■ REQUIRED ACTION: Go through the data below and transcribe it exactly. Omit the images.

■ Web page caption snippets:
..............................

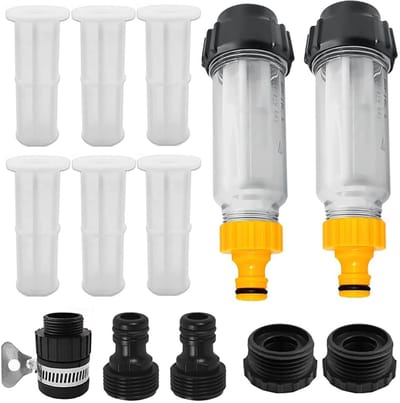 Waterfilter Set voor Tuinslang, 2 Stuks 3/4 Inch Voorfilter met 6 Filterinvoegen en 5 Snelladers, Ideaal voor Hogedrukreiniger, Tuinpomp en Huishoudelijk Gebruik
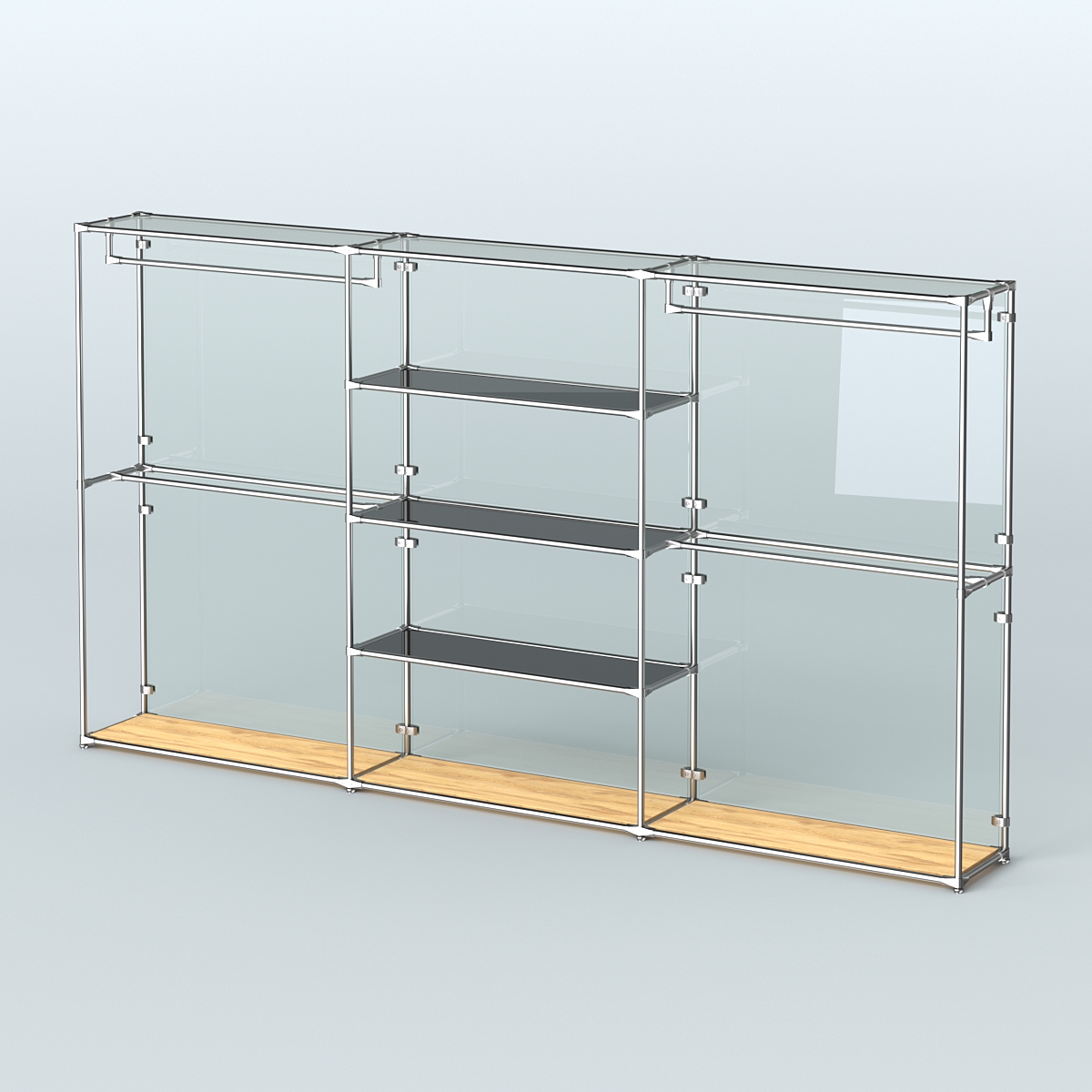 Торговая система ХРОМ (задняя стенка - стекло) 3600 мм с тонированными полками и поручнями №2 Дуб Золотистый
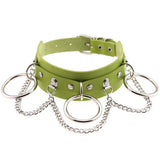 Gothic Rivet Leather Choker Green Necklace Rock Punk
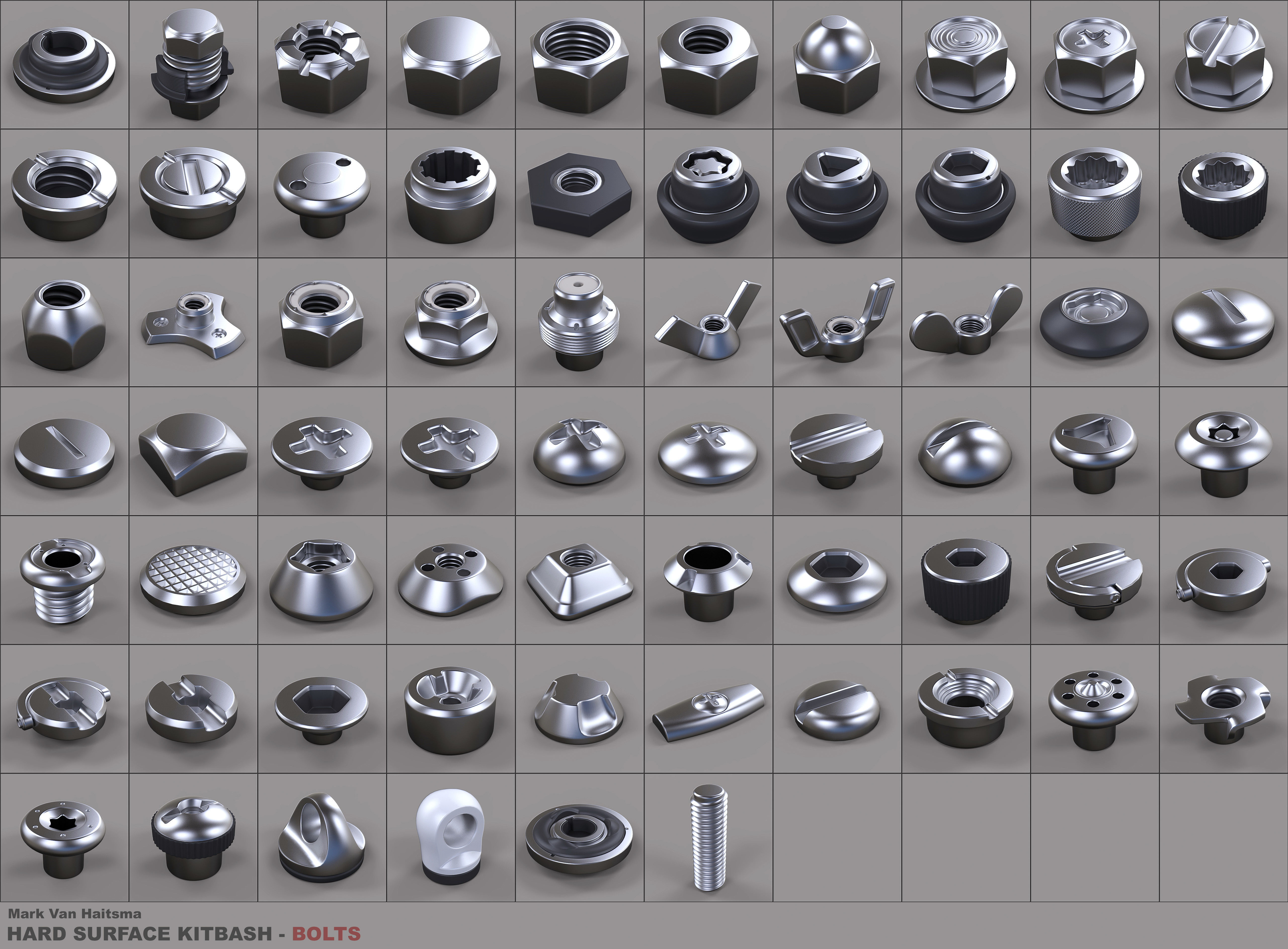 Hard Surface Kitbash Library - 1 and 2 3D model_30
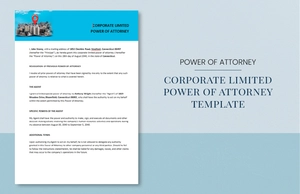 Corporate Limited Power of Attorney Template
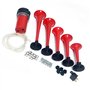 YIYIDA Klaxon à air trompette Klaxon de voiture 12V Air Horn Trompette musicale 165db Corne d'alarme Cinq tubes Dixie rouge étan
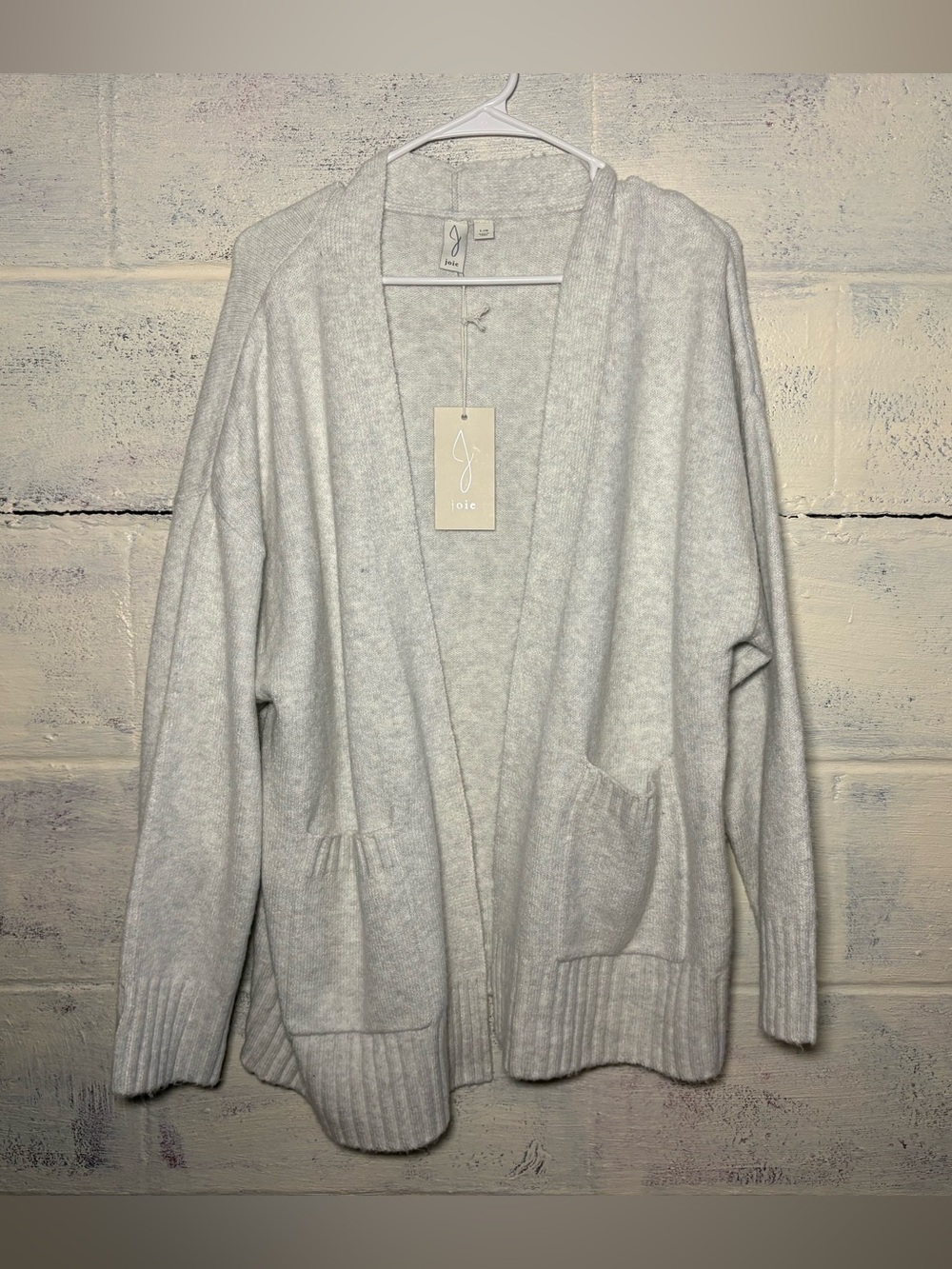 Joie Grey Open Front Cardigan size Large NWT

..............................

■ RESPONSE AREA:
 Waterfilter Set voor Tuinslang, 2 Stuks 3/4 Inch Voorfilter met 6 Filterinvoegen en 5 Snelladers, Ideaal voor Hogedrukreiniger, Tuinpomp en Huishoudelijk Gebruik
 Торговая система ХРОМ (задняя стенка - стекло) 3600 мм с тонированными полками и поручнями №2 Дуб Золотистый
 Gothic Rivet Leather Choker Green Necklace Rock Punk
 Hard Surface Kitbash Library - 1 and 2 3D model_30
 Corporate Limited Power of Attorney Template
 YIYIDA Klaxon à air trompette Klaxon de voiture 12V Air Horn Trompette musicale 165db Corne d'alarme Cinq tubes Dixie rouge étan
 Joie Grey Open Front Cardigan size Large NWT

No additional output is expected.